Miriam glanced at Grace sharply, then nodded her head. “Yes, very homesick.”
“Then why in the world,” said Sister, “didn’t you come home?”
“Nobody asked me.”
“Nobody had to ask you,” cried Sister in exasperation. “Darling, that house is yours, and we’re all your family. You could have come home every weekend, and we would always have been glad to see you. Ivey’s dying to cook for you again. Your room is always kept ready. In fact, nobody knows what to do without you.”
“I hate this old place,” repeated Miriam, glancing distastefully about her room.
“You don’t like your roommates?” said Grace.
“I hate them, and they hate me.”
“I bet they’re real sweet,” said Sister vaguely. “Hey, Miriam, why didn’t you come home for Thanksgiving?
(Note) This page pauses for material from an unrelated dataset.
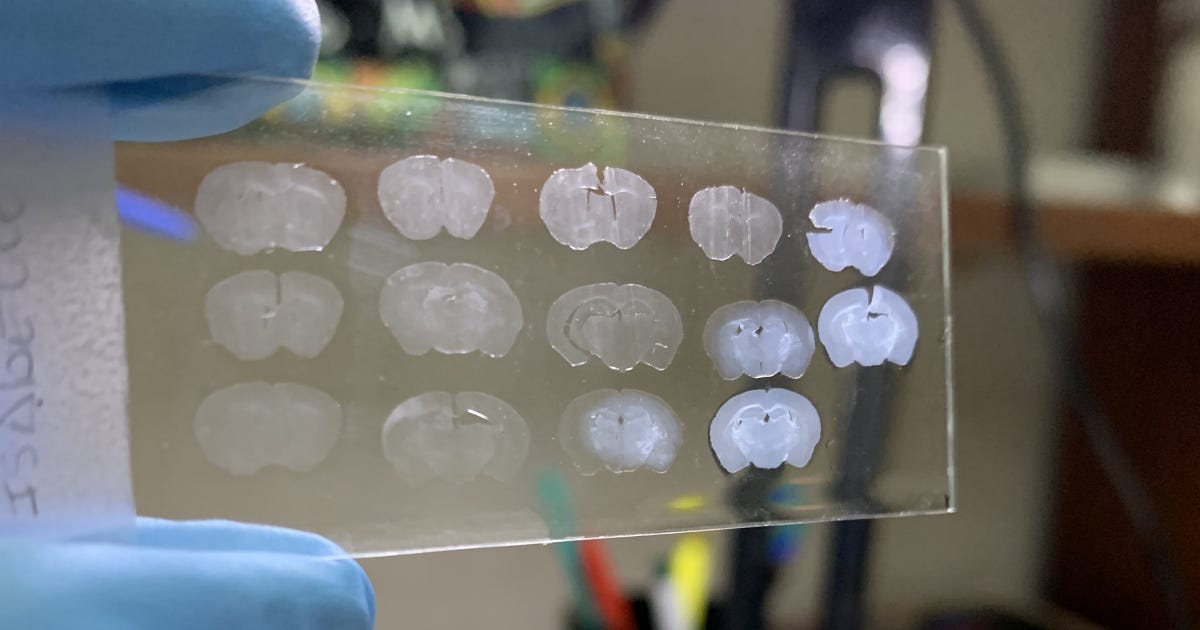 Lâmina com cortes das regiões cerebrais dos animais estudadas mostrando o resultado dos procedimentos com imunofluorescência para identificar os neurônios GnRH e astrócitos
We had an empty chair.”
“Nobody asked me.”
>
“Lord God!” cried Sister. “What were we supposed to do, send a herald and an engraved invitation? Miriam, we are your family. Don’t you know it?”
At last Miriam’s eyes were dry. Now she was sullen.
After a few moments of glancing first at Miriam and then at Sister, Grace said energetically, “Miriam, when does your Christmas vacation begin?”
“Friday.”
“All right then, Sister and I will be back then to get you. You are coming back to Perdido for the holidays—and not another word on the subject. If you have made other plans, then you break ’em, ’cause you’re not getting out of this.”
“A girl in my history class had asked me to go home with her to New Orleans,” said Miriam hesitantly.
“Don’t you do it,” said Grace sternly. “You’re coming home with us. Sister and I will be here on Friday.”
“I don’t need you,” said Miriam. “I’ve got my car. I’ll be in Perdido by suppertime.”
“Sister and I will come down anyway,” said Grace. “We’ve got some Christmas shopping to do down here, and we’ll drop by here to help you pack up.”
To be thus taken in hand and ordered to come to Perdido seemed exactly what Miriam wanted. She ventured a smile, and said she was glad that Grace and Sister had come to see her. She offered to show them around the campus, and after that brief tour she introduced her relatives to her roommates. There was some awkwardness in maintaining the deception of a dead relative in the light of Miriam’s obviously improved temper. When questioned about this by one of the nuns, Grace explained boldly, “False alarm. It was just a stroke, and we hear that she’s much better now.”
That evening, Grace and Miriam and Sister went out to dinner together at the Government House in downtown Mobile, and there Miriam shamefacedly admitted the harrowing extent of her homesickness. “I cried every night before I went to bed, and I cried every morning when I got up. I never thought I could miss old Perdido so much, and everybody there. I used to daydream about walking along the levee, and buying bobby pins down at the Ben Franklin.”
“Honey, I wish you’d called or written and told us how miserable you were,” said Sister plaintively.